Documents EP 0354775 A, GB 2255923 A and US 4484418 A describe a cast iron disk / faceted circle on which small crystalline diamonds are bonded to grind diamonds in the traditional way.

This traditional processing method is comparable to the grinding of mechanical parts, where, for example, abrasive powder is fed to a rotating cast iron disk with a certain amount of oil and mechanically fixed in the pores of cast iron.

Besides the fact that diamond is extremely difficult to process, the effectiveness of known machining operations is highly dependent on the orientation of the diamond crystal structure with respect to the direction of processing.

Some processing operations are not allowed in certain directions, while other operations each time require a suitable processing direction to be determined experimentally. This limits and complicates the processing operation and affects the time of the operation and the requirements for the equipment and tools used.
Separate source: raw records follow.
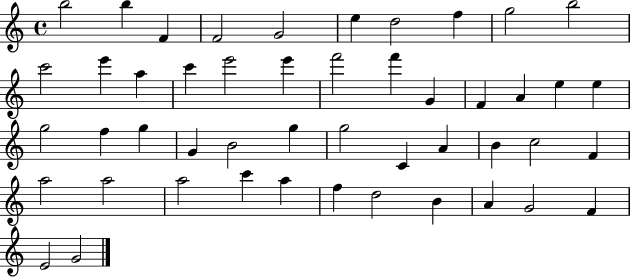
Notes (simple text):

B5/h B5/q F4/q F4/h G4/h E5/q D5/h F5/q G5/h B5/h C6/h E6/q A5/q C6/q E6/h E6/q F6/h F6/q G4/q F4/q A4/q E5/q E5/q G5/h F5/q G5/q G4/q B4/h G5/q G5/h C4/q A4/q B4/q C5/h F4/q A5/h A5/h A5/h C6/q A5/q F5/q D5/h B4/q A4/q G4/h F4/q E4/h G4/h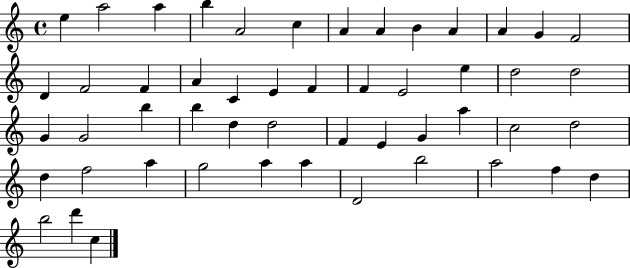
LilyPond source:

{
  \clef treble
  \time 4/4
  \defaultTimeSignature
  \key c \major
  e''4 a''2 a''4 | b''4 a'2 c''4 | a'4 a'4 b'4 a'4 | a'4 g'4 f'2 | \break d'4 f'2 f'4 | a'4 c'4 e'4 f'4 | f'4 e'2 e''4 | d''2 d''2 | \break g'4 g'2 b''4 | b''4 d''4 d''2 | f'4 e'4 g'4 a''4 | c''2 d''2 | \break d''4 f''2 a''4 | g''2 a''4 a''4 | d'2 b''2 | a''2 f''4 d''4 | \break b''2 d'''4 c''4 | \bar "|."
}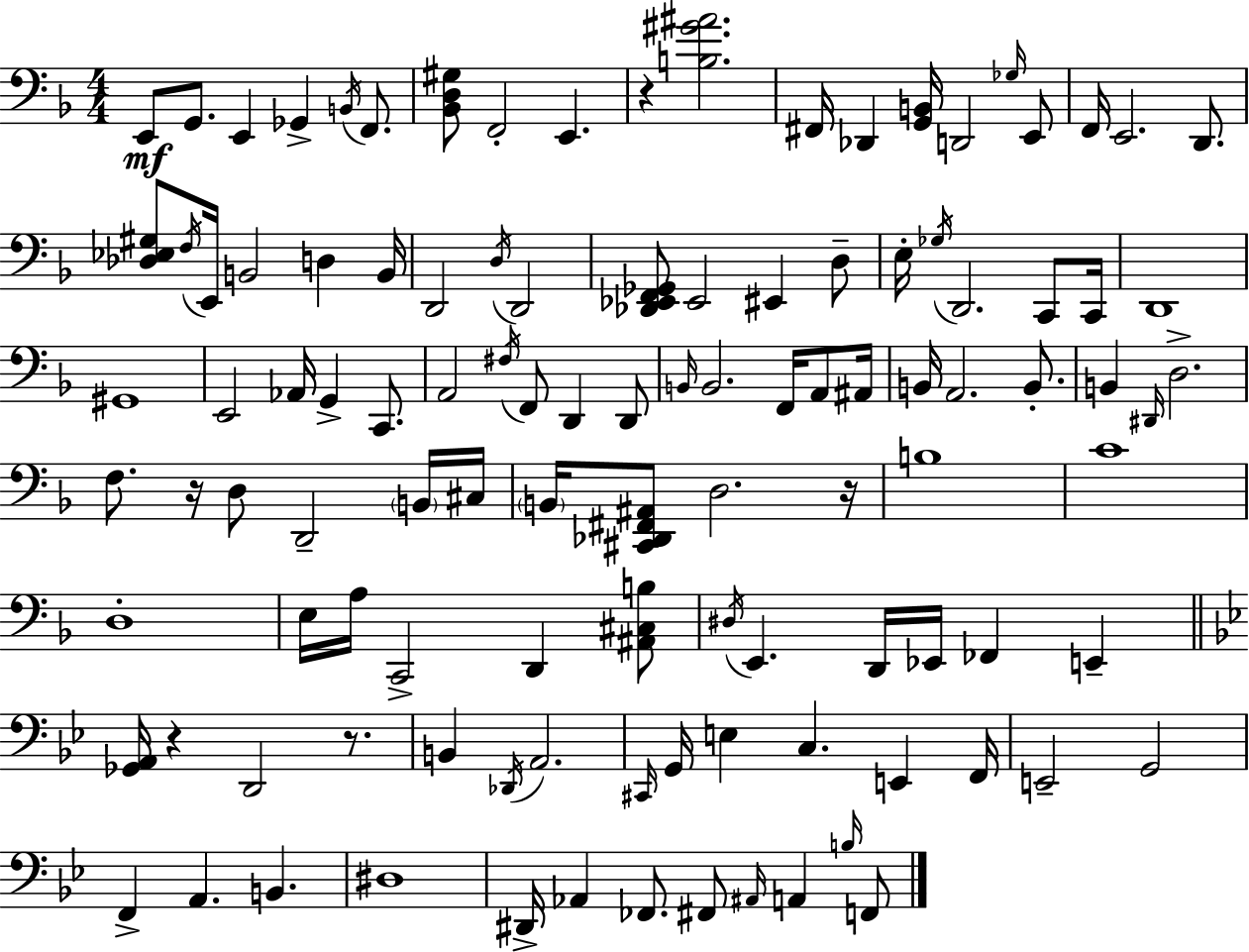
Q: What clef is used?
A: bass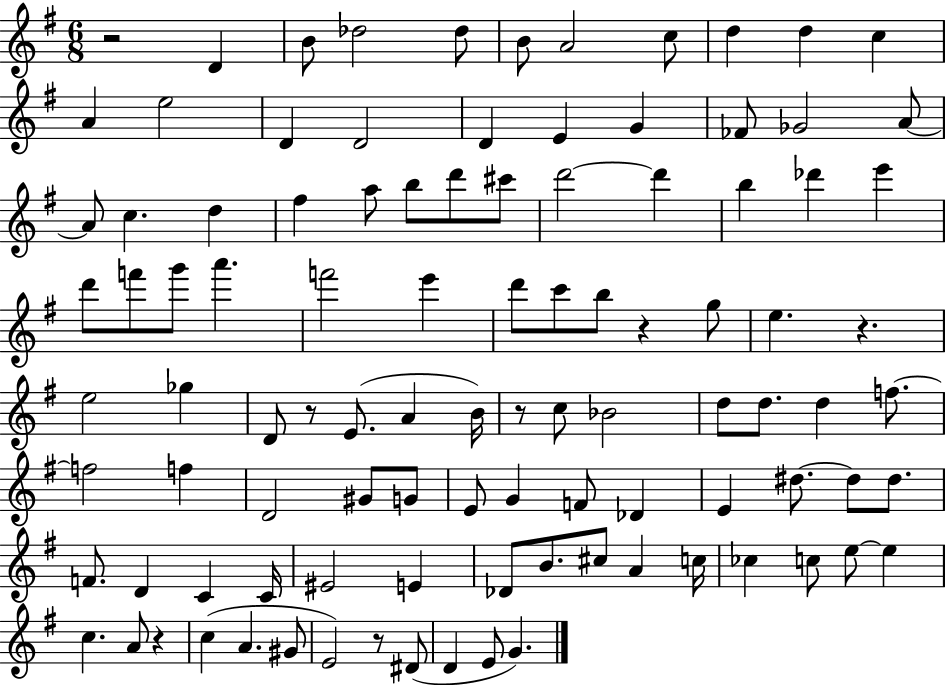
R/h D4/q B4/e Db5/h Db5/e B4/e A4/h C5/e D5/q D5/q C5/q A4/q E5/h D4/q D4/h D4/q E4/q G4/q FES4/e Gb4/h A4/e A4/e C5/q. D5/q F#5/q A5/e B5/e D6/e C#6/e D6/h D6/q B5/q Db6/q E6/q D6/e F6/e G6/e A6/q. F6/h E6/q D6/e C6/e B5/e R/q G5/e E5/q. R/q. E5/h Gb5/q D4/e R/e E4/e. A4/q B4/s R/e C5/e Bb4/h D5/e D5/e. D5/q F5/e. F5/h F5/q D4/h G#4/e G4/e E4/e G4/q F4/e Db4/q E4/q D#5/e. D#5/e D#5/e. F4/e. D4/q C4/q C4/s EIS4/h E4/q Db4/e B4/e. C#5/e A4/q C5/s CES5/q C5/e E5/e E5/q C5/q. A4/e R/q C5/q A4/q. G#4/e E4/h R/e D#4/e D4/q E4/e G4/q.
Thus, when grinding diamond, the performance of material removal from the diamond to be processed will greatly depend on the orientation of the processing direction relative to the orientation of the crystal. In addition, the machining of polycrystalline diamond, in which the crystals have different orientations, is extremely difficult.

The invention is aimed at eliminating these disadvantages due to the method of machining diamond, in which the processing is almost independent of the direction of processing relative to the orientation of the crystal and in which there are no additional restrictions associated with the origin (for example, natural diamond grown at high pressure and high temperature or chemically precipitated from the gas phase), the field of application (for example, gemstone, industrial diamond or diamond for use in electronics), external geometry or quality (n example, monocrystalline or polycrystalline diamond) of the diamond to be processed.

To this end, unbound crystalline diamonds are located between the mechanical part and the surface of the diamond, as a result of which they move relative to the mechanical part and the surface of the diamond along the indicated surface. The mechanical part thus creates mechanical contact with the surface of the diamond through small crystalline diamonds. The specified mechanical contact has a contact length at which small crystalline diamonds roll along the surface of the diamond in accordance with the main direction of the relative motion of the mechanical part relative to the surface of the diamond. Thus, small crystalline diamonds, with the help of a mechanical part, are pressed into the surface of a diamond during rolling, thus creating microscopic cracks in the surface, as a result of which the latter is gradually abraded.

In practice, small crystalline diamonds are in a stream that flows between the diamond and the mechanical part.

Small crystalline diamonds move between the mechanical part and the surface of the diamond along the contact length, which is three times, and preferably thirty times, the size of small crystalline diamonds.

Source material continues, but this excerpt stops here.